|Occurred : 12/10/2007 18:45 (Entered as : 12/10/07 18:45)
Reported: 12/10/2007 6:43:00 PM 18:43
Location: Pittsboro, NC
|Unexplained object moving SW to NE over North Carolina skies, tracked via refractor telescope/ computerized mount
December 10, 2007 (written 2130 hrs) To whom it may concern, I am an amateur astronomer and was observing here in my observatory at my home in Pittsboro, N.C., observing a double star in the constellation Delphinus.
At approximately 1845, I spotted a green hue in the SW skies near the Messier object M15, approximately 45 degrees above the SW horizon. It appeared to be a comet; I quickly slewed my telescope to the object, and viewed it at a magnification of 100X. The object was traveling at a high rate of speed, but much slower than a normal satellite when viewed through a telescope eyepiece field of view.
The object contained what appeared to be a head and a tail (very much like Haley’s comet looked years ago through a pair of binoculars), and its magnitude was so bright that it was dominant in the sky. There was also a point of light that moved with the object at the same speed, approximately one tenth of a degree from the “head” of the object.

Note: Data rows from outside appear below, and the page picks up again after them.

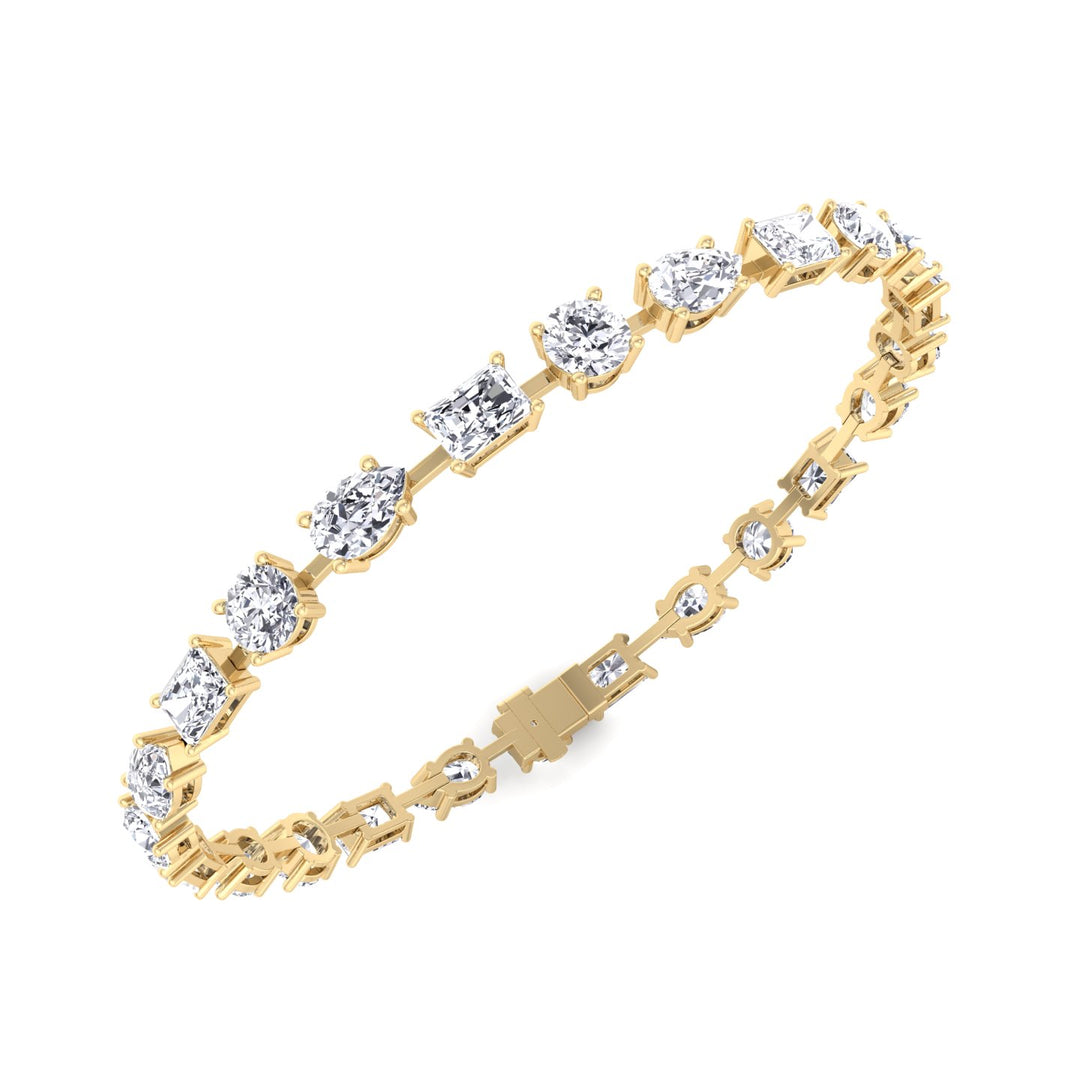 Multi Shape Lab Grown Diamond Tennis Bracelet 14K Solid Gold (Round, Pear & Emerald)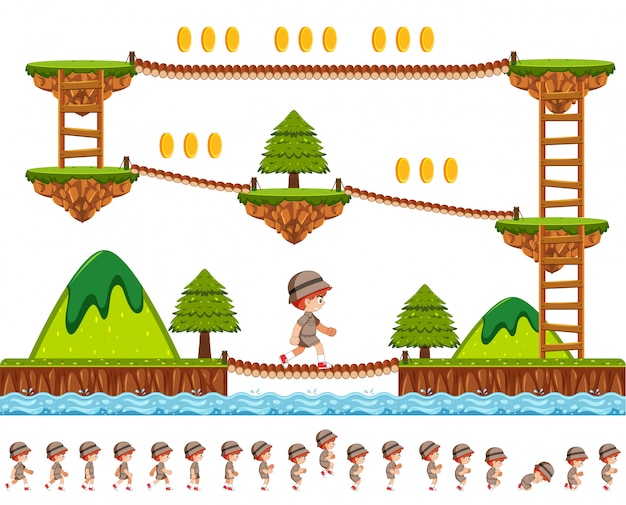 Vector woods game design with cartoon character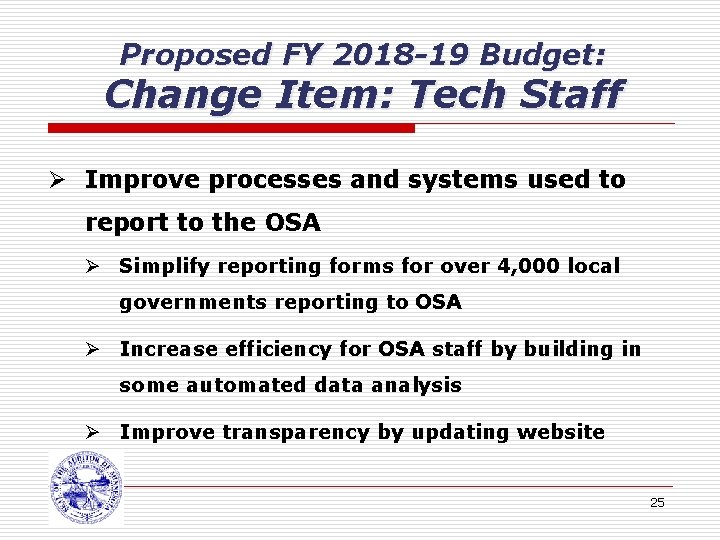 Proposed FY 2018 -19 Budget: Change Item: Tech Staff Ø Improve processes and systems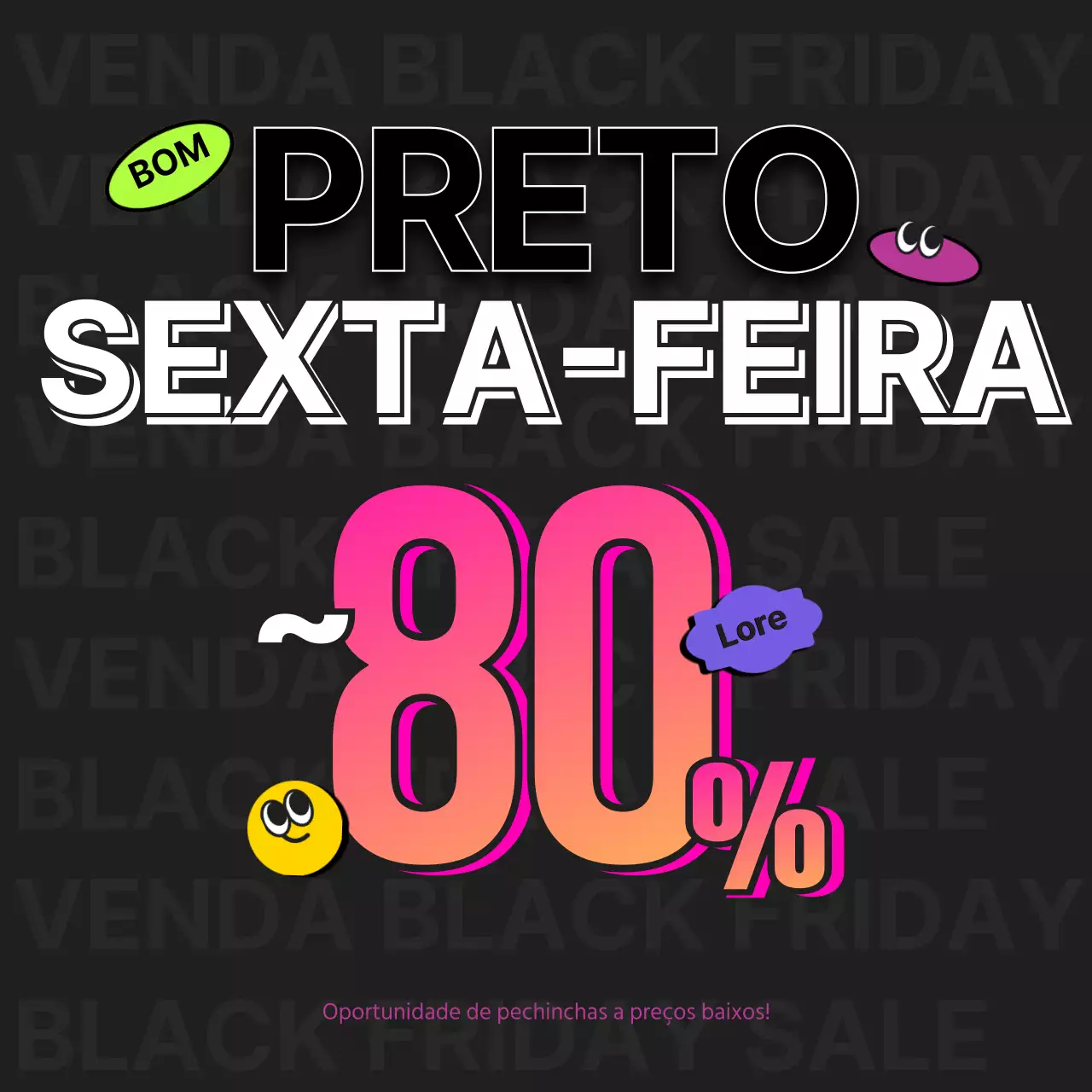 Evento de vendas preto, moderno e com tema de autocolantes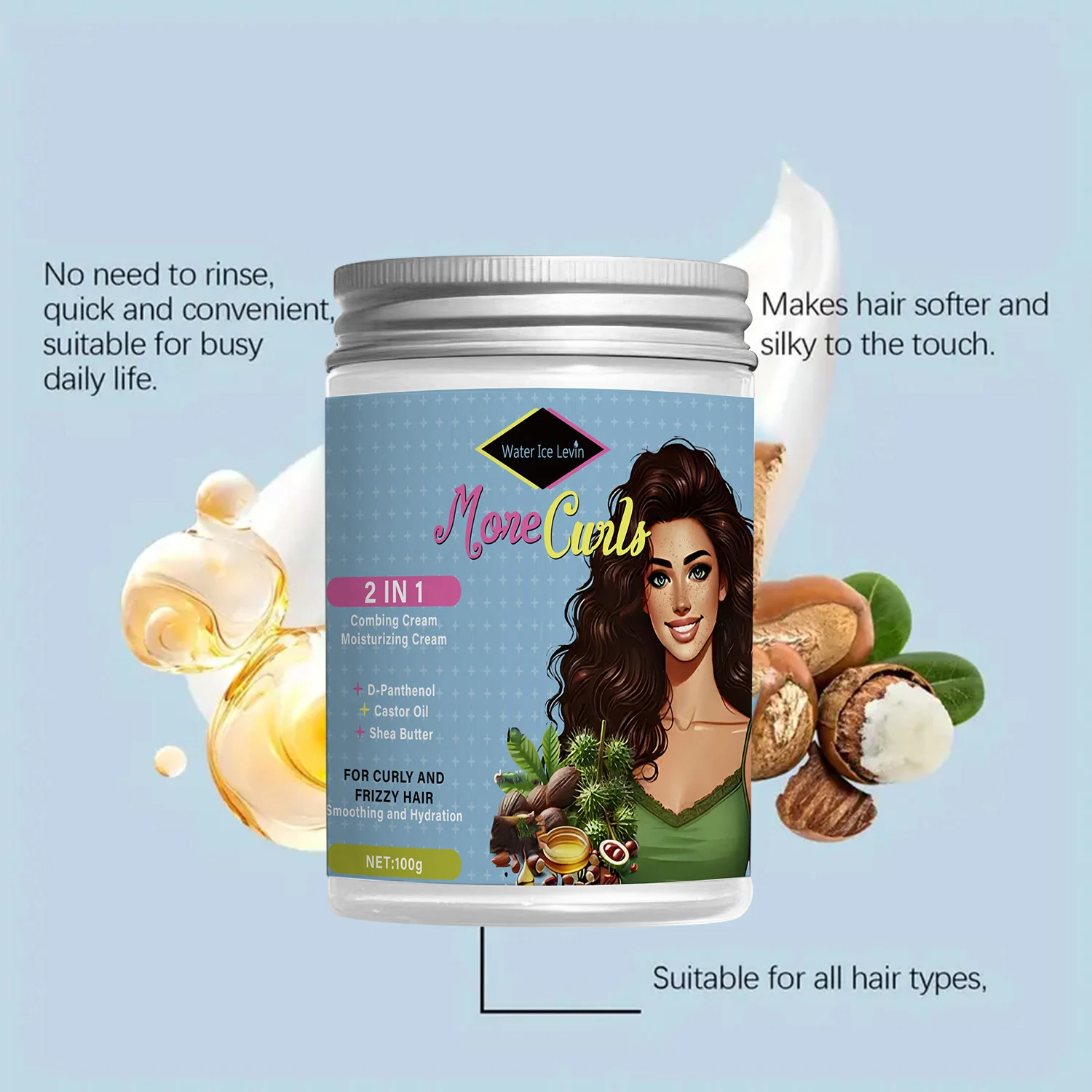 2-in-1 Combing & Moisturizing Cream for Curly Frizzy Hair - 100g 4 hair combing moisturizing cream spu941212648133 desc 4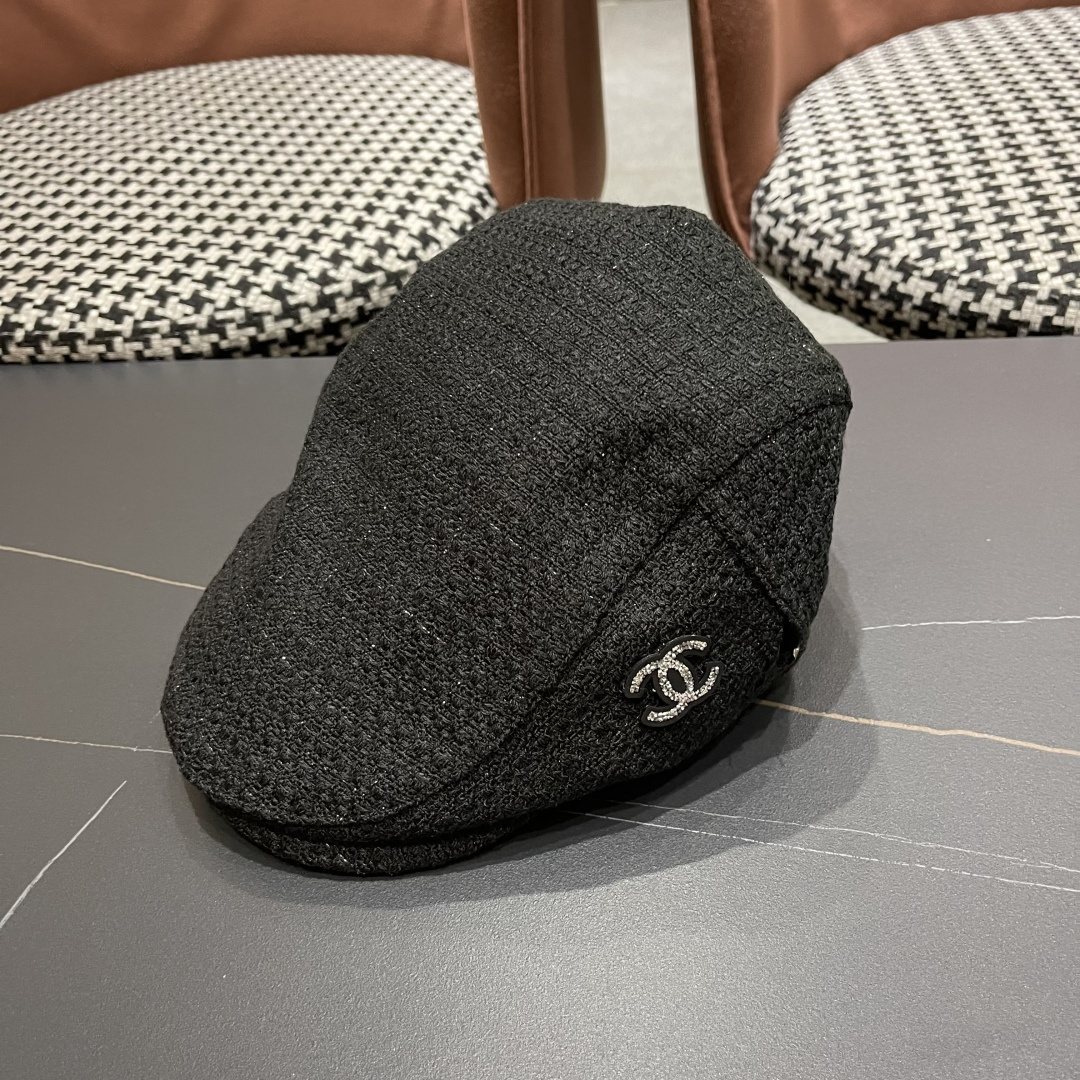 香奈儿 英伦复古前进帽女 2024春秋季百搭鸭舌报童帽大头围画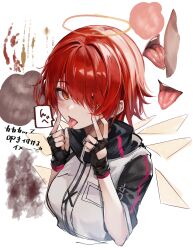 Rule 34 | 1girl, arknights, black gloves, exusiai (arknights), fingerless gloves, gloves, hair over one eye, halo, highres, looking at viewer, open mouth, orange eyes, red hair, short hair, solo, suujiniku, tongue, tongue out, translation request, upper body, wings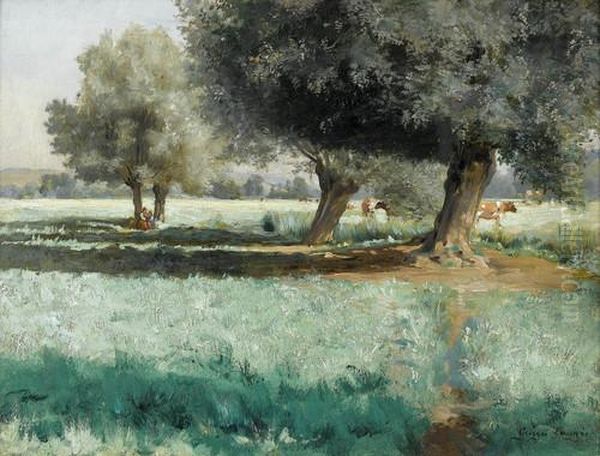 Sommerlandschaft Mit Kuhen Oil Painting by Georges Laugee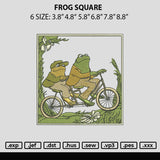 Frog Square Embroidery File 6 sizes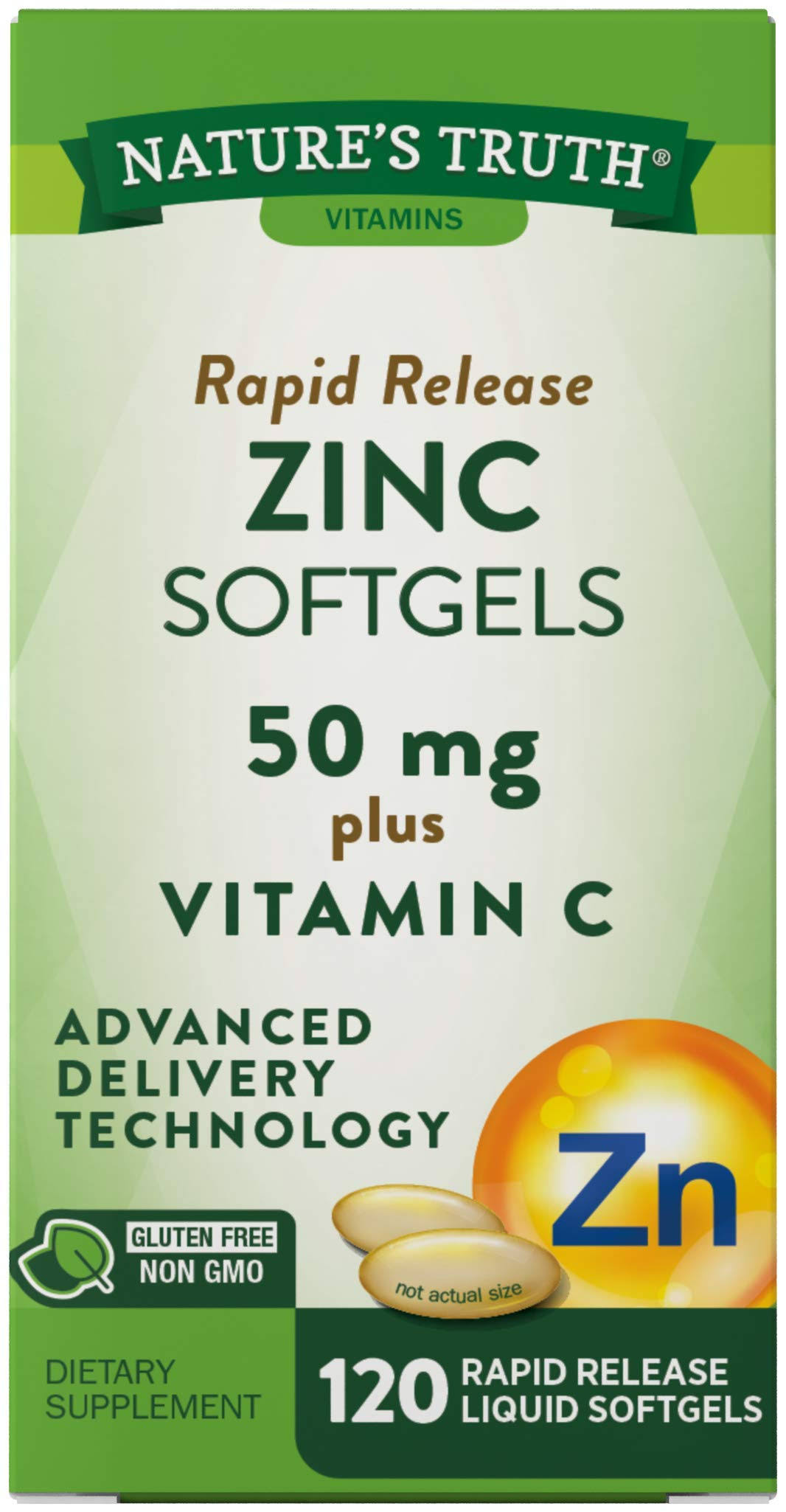 Nature's Truth Rapid Release Zinc Plus Vitamin C, 50 mg, 120 Count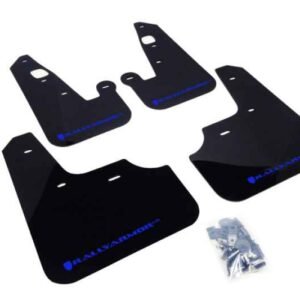 Rally Armor 2007+ Mitsubishi Lancer (doesn't fit Sportback) UR Black Mud Flap w/ Blue Logo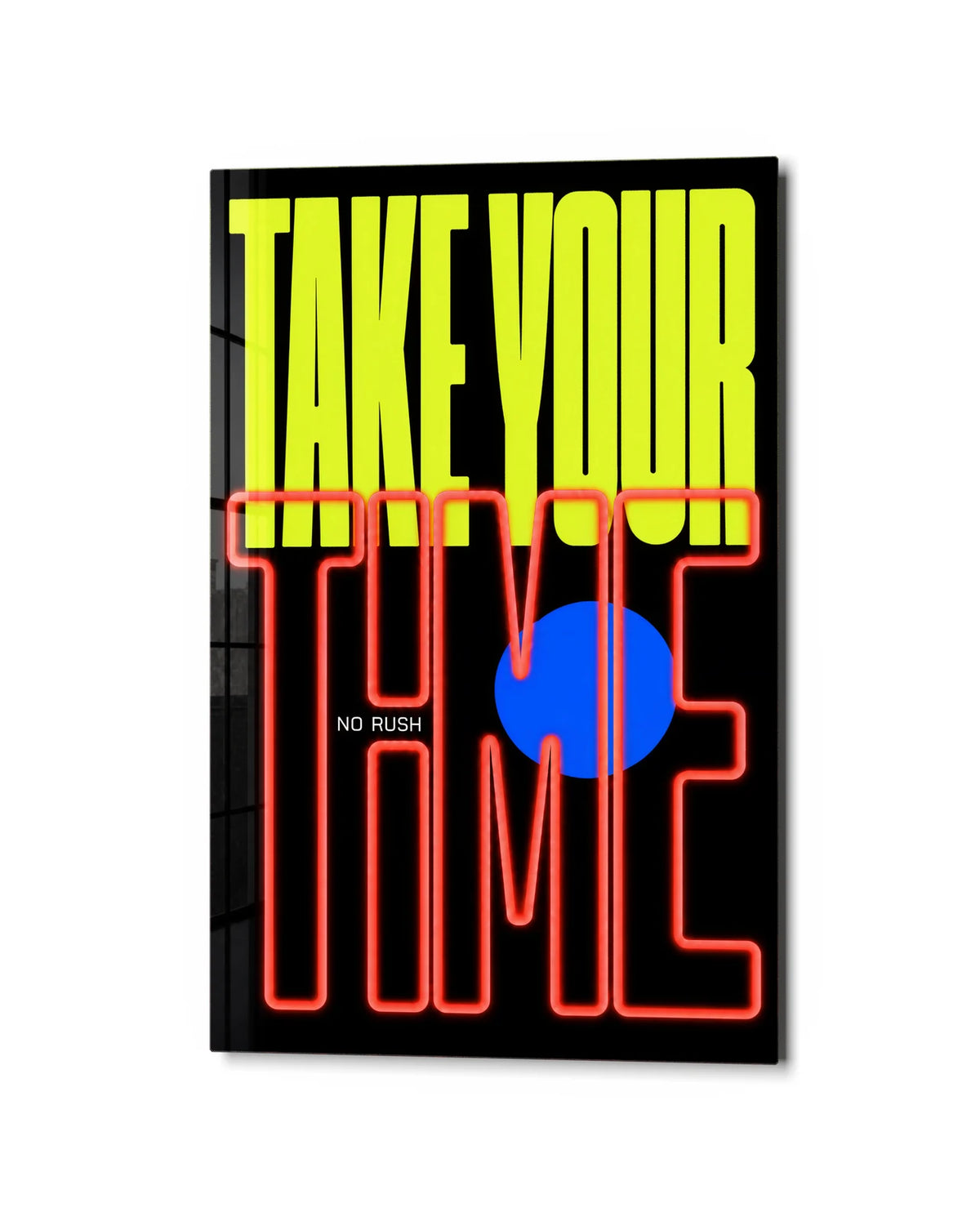 Take Your Time — studio view of glass wall art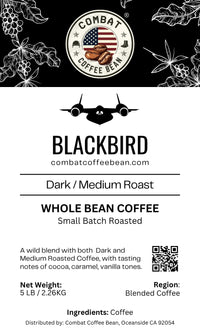 Blackbird - Blended - Medium/Dark Roast Blend (Cowboy Blend, notes of Cocoa, Caramel, Vanilla tones)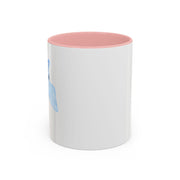 Blue Saturn Wrapped In A Blue Bow Accent Coffee Mug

I tracked the object for approximately 45 minutes, the “tail” faded (almost appeared to dissipate over time), but the point of light near the haze remained in the eyepiece, it’s magnitude and position not changing over the period of time that it was tracked. The object passed very close to the star Schedar in the constellation Cassiopeia. I stopped tracking the object as it passed through the constellation Cassiopeia at approximately 1935 hrs. The object continued to move in a NE direction at approximately 60 degrees above the northern horizon.
The Telescope I was using to track the “object” was a Telescope Engineering Company (TEC) 200mm (8 inch) f/9 refractor, mounted on a Astro-Physics 1200gto computerized equatorial mount. The object was tracked by moving the Declination and Right ascension axis in a manual mode.